#### TO DO:
Among the entries below, copy only the span from the line containing "Below is a decimal" through the line containing "What we would". Do so exactly, and skip the pictures.

##### SUPPLIED RECORDS #####

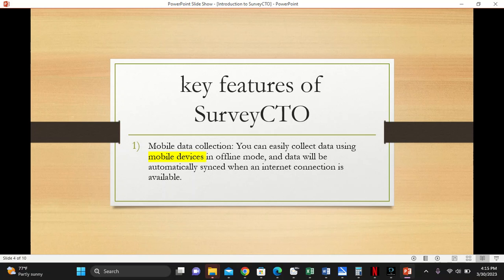The most interesting feature about data collection is that you can use either your computer, tablet, or phone to collect data. It supports different operating systems including Android, iOS, and other platforms.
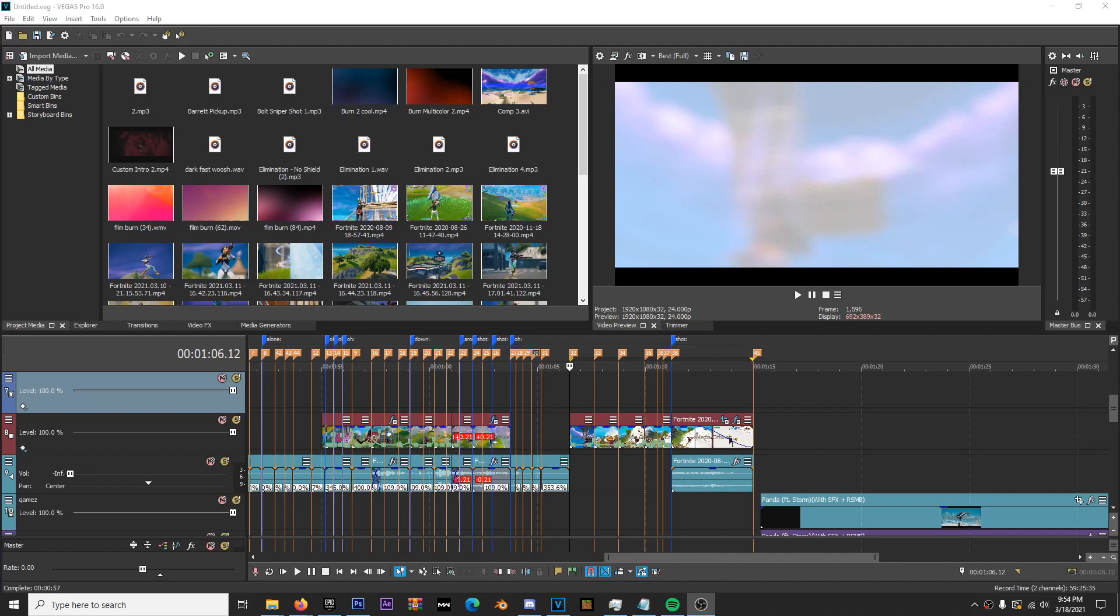What's going on guys? Storm6678 here. Sorry I'm whispering, but everyone's asleep right now. I'm recording this video very late. Today, as you can tell from the title, I'm going to be going over bitrate.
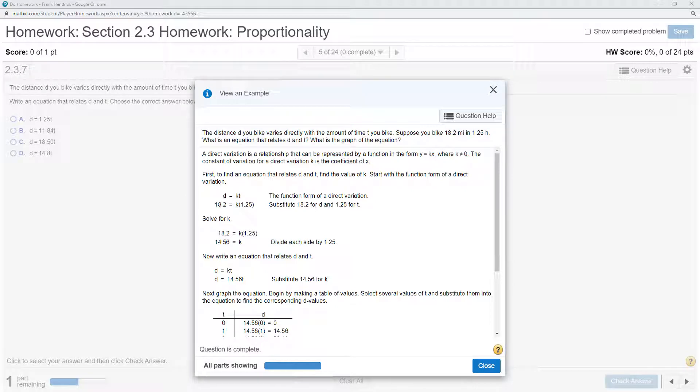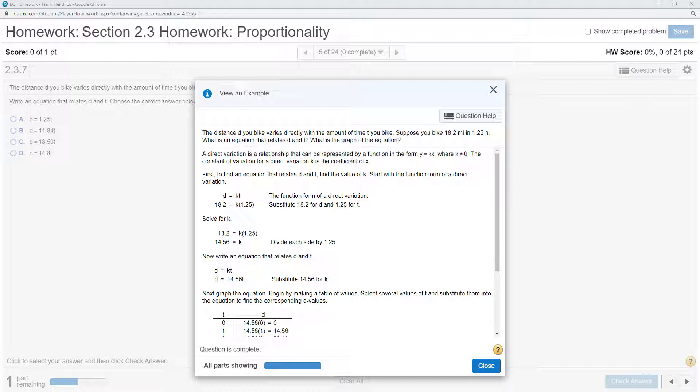This problem is Chapter 2, Section 3, Number 7. The distance you bike, D, varies directly with the amount of time T you bike. So we have a direct relationship between D and T. Initially, you bike 18.2 miles in 1.25 hours.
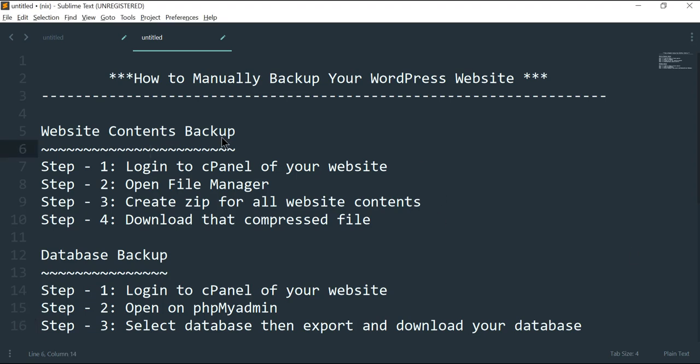Hi guys, this is Hafiz and today our topic is how to manually backup your WordPress website. We are going to see how to backup your complete WordPress website manually, including your database. Many users lose access to their WordPress admin area after a hack attempt or some plugin errors. In this case, most tutorials recommend that you create a complete WordPress backup. If you lose admin area access, you cannot install any plugin to backup your website, so knowing how to make a manual backup comes in handy. This step-by-step guide will show you how to manually backup your WordPress website including your database.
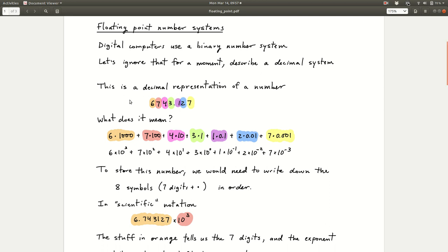Below is a decimal representation of a number: 6743.127. This representation means we take the digit 6 and multiply it by 1000 because it's in the thousands place, add 7 times 100, add 4 times 10, 3 times 1, 1 times 0.1, 2 times 0.01, and 7 times 0.001. It's called decimal, or base 10, because the things you multiply by are all powers of 10.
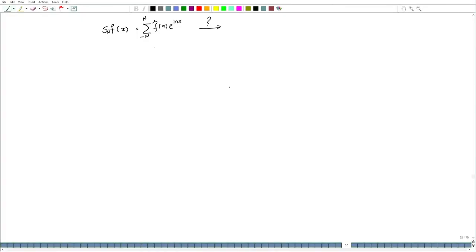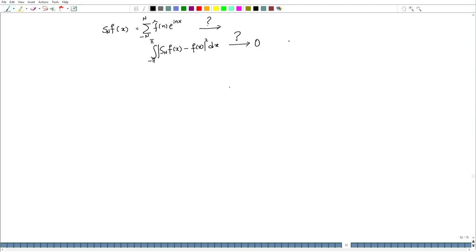What we would like to see is whether S_n(f)(x), which is a trigonometric polynomial, satisfies: does the integral of |S_n(f)(x) - f(x)|^2 dx go to 0 as n goes to infinity?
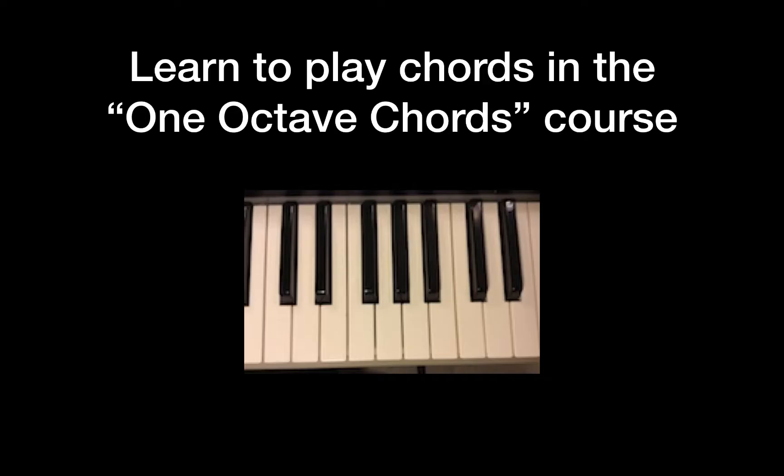I hope you have found NoteFlight easy to work with. It offers many features that songwriters can use to help them notate and share their creations. Learn to play the chords yourself by watching another Our Phone School course called One Octave Chords.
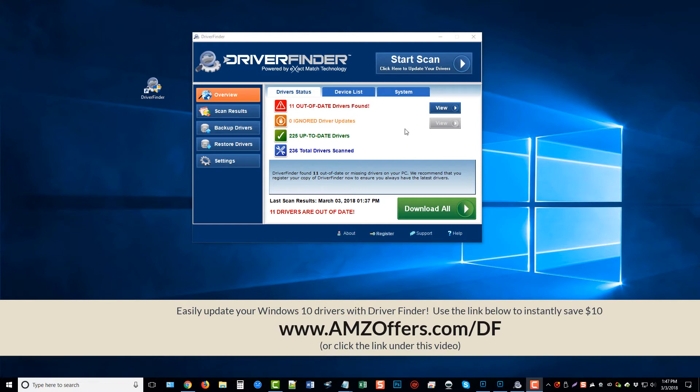So just real quick, I wanted to tell you about this program here that you can get discounted. I actually got a link for it that you can find directly under this video or that's there on your screen for just $20. It's called Driver Finder, and what it does is it will scan your computer and automatically tell you what drivers are out of date and let you download them straight from the software.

#####

#### WORKED SOLUTION:
Below is a decimal representation of a number: 6743.127. This representation means we take the digit 6 and multiply it by 1000 because it's in the thousands place, add 7 times 100, add 4 times 10, 3 times 1, 1 times 0.1, 2 times 0.01, and 7 times 0.001. It's called decimal, or base 10, because the things you multiply by are all powers of 10.
What we would like to see is whether S_n(f)(x), which is a trigonometric polynomial, satisfies: does the integral of |S_n(f)(x) - f(x)|^2 dx go to 0 as n goes to infinity?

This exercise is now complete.